Top 5 Reasons No CA Congressmember Should Vote for the Proposed ACA Repeal & Medicaid Caps & Cuts

On Monday night, the new draft to repeal the Affordable Care Act by Speaker Paul Ryan, Majority Leader Kevin McCarthy, and the GOP Leadership of the U.S. House of Representatives was released, showing it goes a lot further to undermine the health care for Californians than simply undoing the coverage for many of the five million Californians getting direct help from the Affordable Care Act.

Health Access has produced a NEW fact sheet detailing California impacts of the proposal, now available on its website. A press briefing teleconference from this morning is now also available for listerning, which included Anthony Wright and Beth Capell from Health Access California, Sara de Guia, California Pan-Ethnic Health Network, Betsy Imholz of Consumers Unions, and Ken Jacobs, Chair of the UC-Berkeley Center for Labor Research and Education. The replay of that call on California Impacts is available: (800)475-6701, Access Code: 420160.
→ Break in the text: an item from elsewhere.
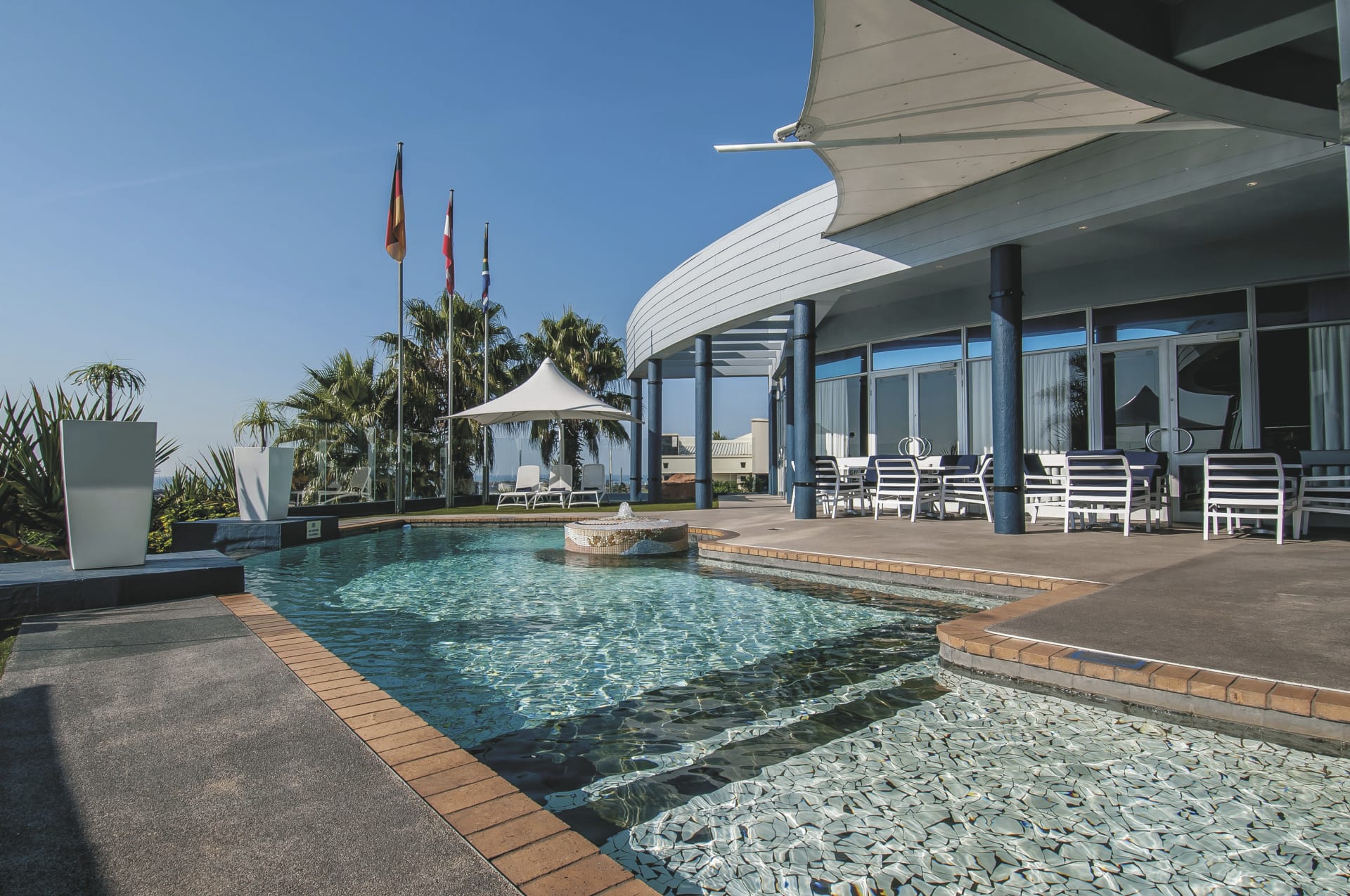 RSA_EAC_20180620_AD_2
The House leadership’s proposal would undermine the coverage of millions of Americans who get coverage through Medicaid or by buying it as individuals. No Congressmember should vote on any proposal without the regular independent analysis of its impacts on coverage, costs, and finances. Even with many unanswered questions, its clear this proposal will leave many more Americans uninsured, and far more dealing with higher health care costs. The reason the Republican leadership wants to rush the vote before the analysis by the Congressional Budget Office is that know the finding will be that this proposals costs more while covering less.”
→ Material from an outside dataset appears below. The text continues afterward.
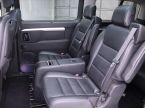 Toyota ProAce - fotka číslo 12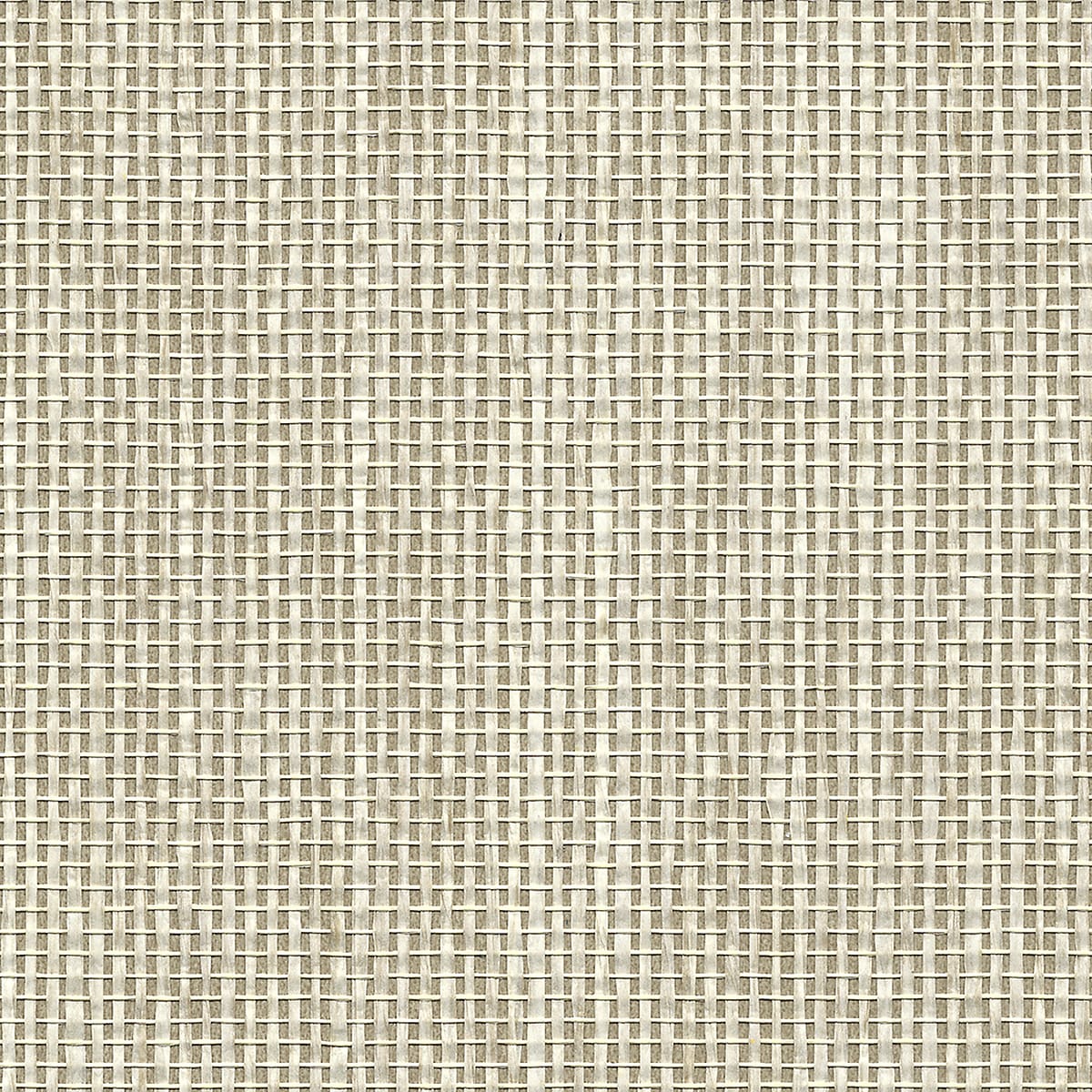 Coastal Weaves - Rustic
While no Congressmember should support this plan, California Representatives have specific reasons why this would hurt our citizens and undermine our health system specifically:

1) California’s health system has the most to lose, since we had one of the highest uninsured rates in the nation, and then implemented and improved upon the Affordable Care Act to see the greatest percentage reduction of any state. This proposal would undo the progress and the steps California took to implement the law and use it as a platform for additional improvements.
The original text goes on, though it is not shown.